For instance, when I was in banking, I started doing projects in the credit card area. Then became responsible for the operations and customer service departments. Then the marketing and product management, launching several new products and services. Then I picked up the credit and fraud areas. When I had accumulated all the pieces of the pie, and everything that touched credit cards in any way, I knew it was time to add an area or use technique # 4.
- Leave your business unit or even company to move up the ladder somewhere else. That’s what I did actually.

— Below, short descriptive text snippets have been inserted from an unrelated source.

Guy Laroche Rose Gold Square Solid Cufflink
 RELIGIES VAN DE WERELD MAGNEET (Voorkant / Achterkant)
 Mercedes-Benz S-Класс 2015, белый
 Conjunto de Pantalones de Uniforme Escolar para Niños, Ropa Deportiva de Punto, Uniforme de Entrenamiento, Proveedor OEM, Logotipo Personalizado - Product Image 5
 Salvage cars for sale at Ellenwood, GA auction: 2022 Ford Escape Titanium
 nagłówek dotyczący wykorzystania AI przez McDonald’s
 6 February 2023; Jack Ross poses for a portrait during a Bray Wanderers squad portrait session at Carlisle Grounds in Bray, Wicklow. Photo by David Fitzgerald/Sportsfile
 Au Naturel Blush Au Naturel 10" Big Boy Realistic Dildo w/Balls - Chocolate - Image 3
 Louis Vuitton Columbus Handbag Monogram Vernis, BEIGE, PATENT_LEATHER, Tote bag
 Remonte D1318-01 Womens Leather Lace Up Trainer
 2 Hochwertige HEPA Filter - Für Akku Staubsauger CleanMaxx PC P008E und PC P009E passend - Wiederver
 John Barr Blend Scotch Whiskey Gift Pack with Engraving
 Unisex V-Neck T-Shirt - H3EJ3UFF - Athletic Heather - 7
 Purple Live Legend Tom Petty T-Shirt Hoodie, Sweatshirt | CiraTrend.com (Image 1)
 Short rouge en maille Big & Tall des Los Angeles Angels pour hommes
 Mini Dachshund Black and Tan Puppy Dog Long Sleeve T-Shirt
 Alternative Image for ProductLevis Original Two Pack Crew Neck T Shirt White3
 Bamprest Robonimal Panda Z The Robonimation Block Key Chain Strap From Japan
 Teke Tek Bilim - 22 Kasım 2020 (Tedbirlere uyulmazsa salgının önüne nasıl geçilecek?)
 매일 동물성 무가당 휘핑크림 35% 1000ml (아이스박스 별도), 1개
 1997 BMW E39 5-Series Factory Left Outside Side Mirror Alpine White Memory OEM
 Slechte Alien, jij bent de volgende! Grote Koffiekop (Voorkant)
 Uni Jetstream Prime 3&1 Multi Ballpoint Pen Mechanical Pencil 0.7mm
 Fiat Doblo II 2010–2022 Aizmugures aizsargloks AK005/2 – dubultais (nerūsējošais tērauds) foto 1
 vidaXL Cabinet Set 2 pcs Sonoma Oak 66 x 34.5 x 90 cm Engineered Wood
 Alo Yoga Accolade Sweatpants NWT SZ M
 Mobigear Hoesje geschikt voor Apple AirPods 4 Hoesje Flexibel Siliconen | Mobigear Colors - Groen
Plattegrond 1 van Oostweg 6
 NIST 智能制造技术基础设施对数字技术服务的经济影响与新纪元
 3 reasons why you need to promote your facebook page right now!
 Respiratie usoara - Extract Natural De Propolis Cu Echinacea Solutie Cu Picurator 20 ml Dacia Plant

I moved from credit cards to calling cards (yes, a LONG time ago!) and moved from banking into telecom, where I began a whole new path with lots of upside.
My best advice to earn a promotion is counter-intuitive: accept that you cannot get everything done! No human being could. Now given that, what are the 3-4 priorities that will drive your business/create the results you’ll be held accountable for. Do those things first. Communicate freely and often about those things so you’ll be seen as a person getting results for the business and strategically in tune enough to know what’s important. Those are the folks who get promoted!
However, be aware of these commonly held myths which could be potential derailers for you if you buy into them:
Myth # 1 – The # 1 myth that STILL persists out there is the one that says “if I just work hard enough” or “if I just do a good enough job” … I’ll get noticed, promoted, more responsibilities, the big project, a bigger budget, etc.
Working harder doesn’t get you ahead. It’s working on the right things, cultivating the right relationships and making sure those who can influence
your career know about it.
Myth # 2 – Assertive woman = aggressive bitch
Reality = if you’re not assertive, you won’t get heard. Yes, women have to learn to be assertive in a way that is different from how men show assertiveness. But if you are always asking questions instead of making declarative statements, you won’t get what you want. Figure out a position and state it! Take a stand, but don’t pout if you don’t win.
Read “Play Like a Man, Win Like a Woman” by Gail Evans for more good advice on that front!
Myth #3 – Other women are out to get me or stab me in the back. I’ve seen firsthand that women in business need to have each other’s backs, not stab them! I was blessed to work with a group of female peers who helped and supported each other. We made each other better and are still like old war buddies.
Women can help each other be heard. Many times in a meeting, men will gloss over a point a woman has just made. Or say the same thing and act like they thought of it first. It’s very helpful to buddy up with another woman or supportive man in the room. Someone who can say “hey wait – that’s what she said” OR “ She just made a point we need to discuss before we move on”. Simple things like this can completely change how a woman is perceived, heard and respected!